The Masoka community, on behalf of communities in Botswana, Namibia, Zambia and Zimbabwe, add their voices to the current global media debate on trophy hunting and sustainable use.

This is a letter that adds the voices of rural communities to the current global debate on trophy hunting. This letter is informed by those who live with wildlife and who are concerned that their livelihoods are protected and their rights upheld.
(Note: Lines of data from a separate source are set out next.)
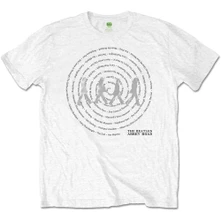 The Beatles, Tričko Abbey Road Songs Swirl, Unisex, Biela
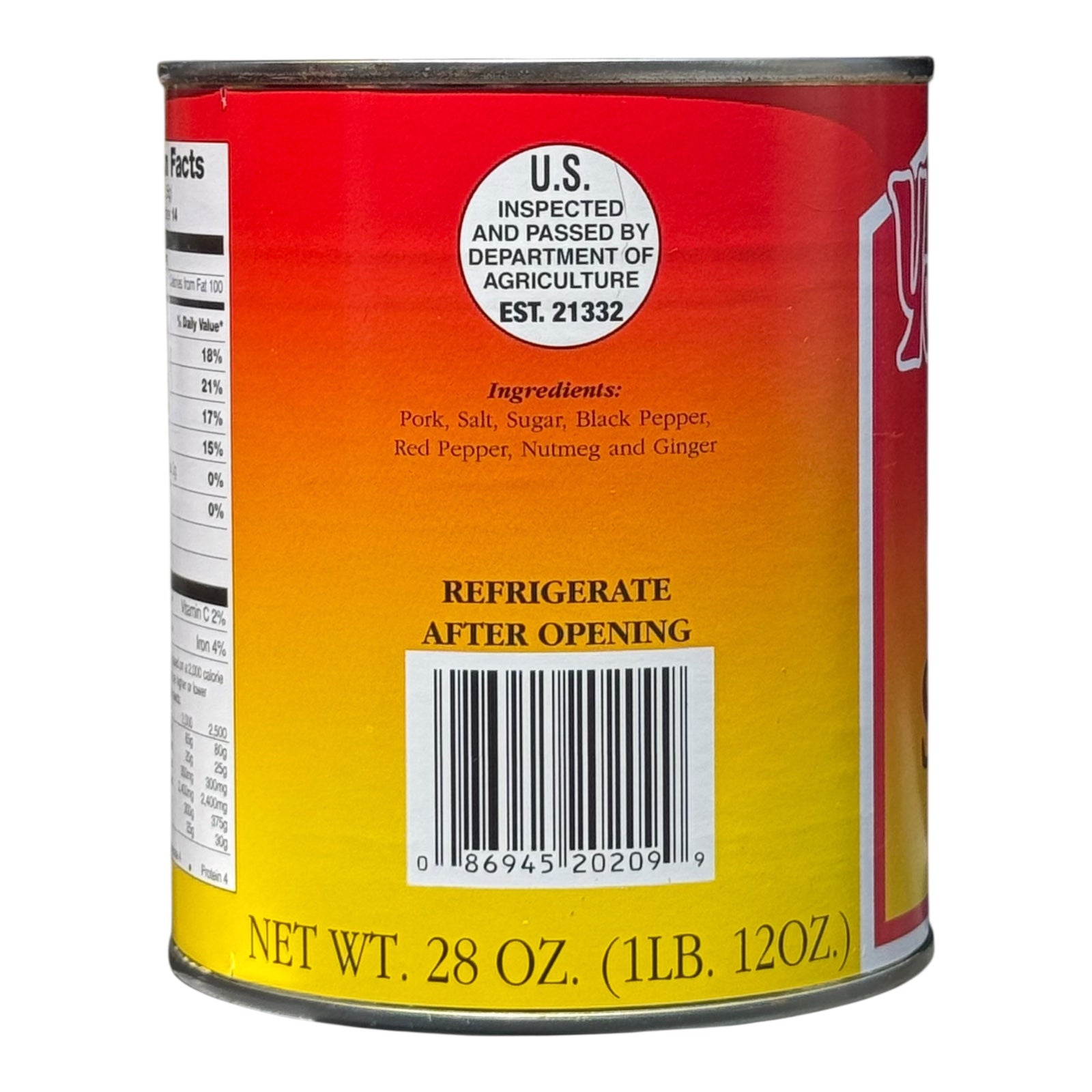 Case (12 Cans) of Yoder's fresh REAL Canned Pork Sausage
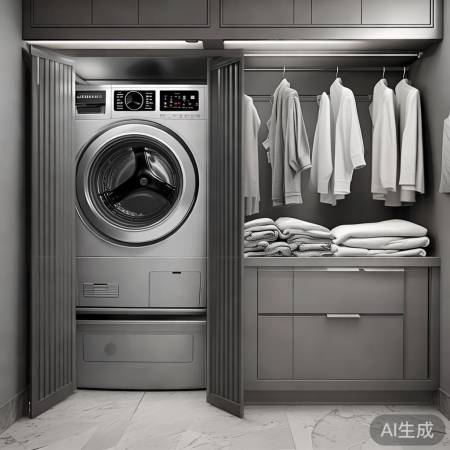 “洗衣机防潮防锈,封闭安静,卫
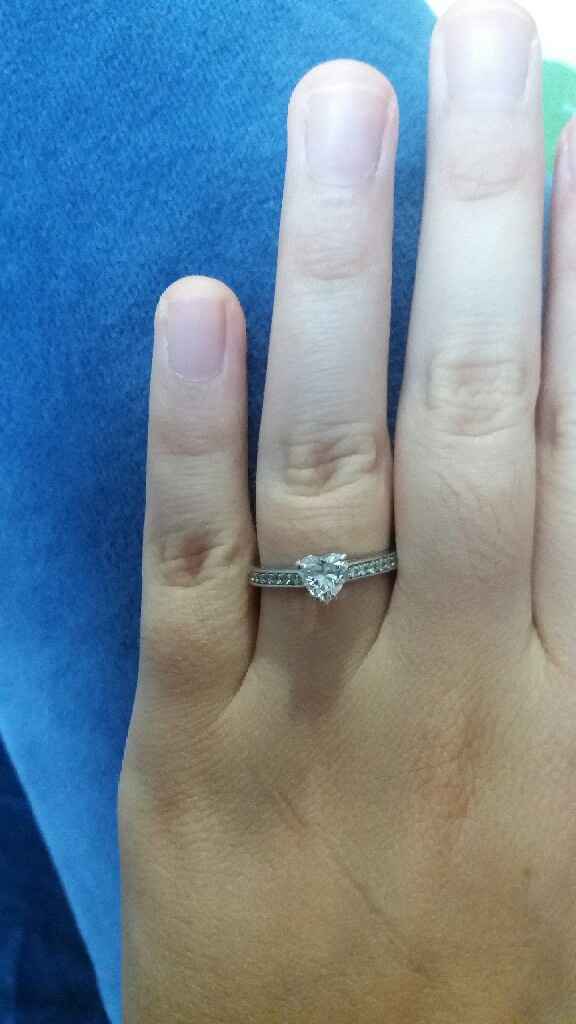  Anello di fidanzamento ❤️💍❤️ - 1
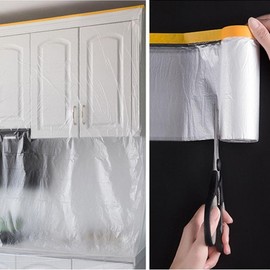 Large Moving Vinyl Cover Roll 2x20 - Anti-Pollution Sheet for Furniture, Floors, Vehicles, Interior Renovation Vinyl Cover Standard 2x20 2ea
These voices are rarely heard but they are vital to any healthy debate about conservation.


 21st January, 2020

A recent letter in Science by Dickman et al about trophy hunting unleashed passionate debate in the Western media.  These discussions have involved over 400 conservationists, academics and animal rights advocates from the US, Europe and Australia, voicing strong, if divergent, opinions on effective conservation strategies.

Much of the discussion focuses on Africa, but with the notable exception of Dickman et al’s letter, key voices missing from the debate are those of rural people and governments who live with and manage African wildlife, and who will ultimately determine its future. As legitimate representatives of many thousands of people from key wildlife range states (Botswana, Namibia, Zimbabwe and Zambia), we would like to correct this and have our perspective and voices heard.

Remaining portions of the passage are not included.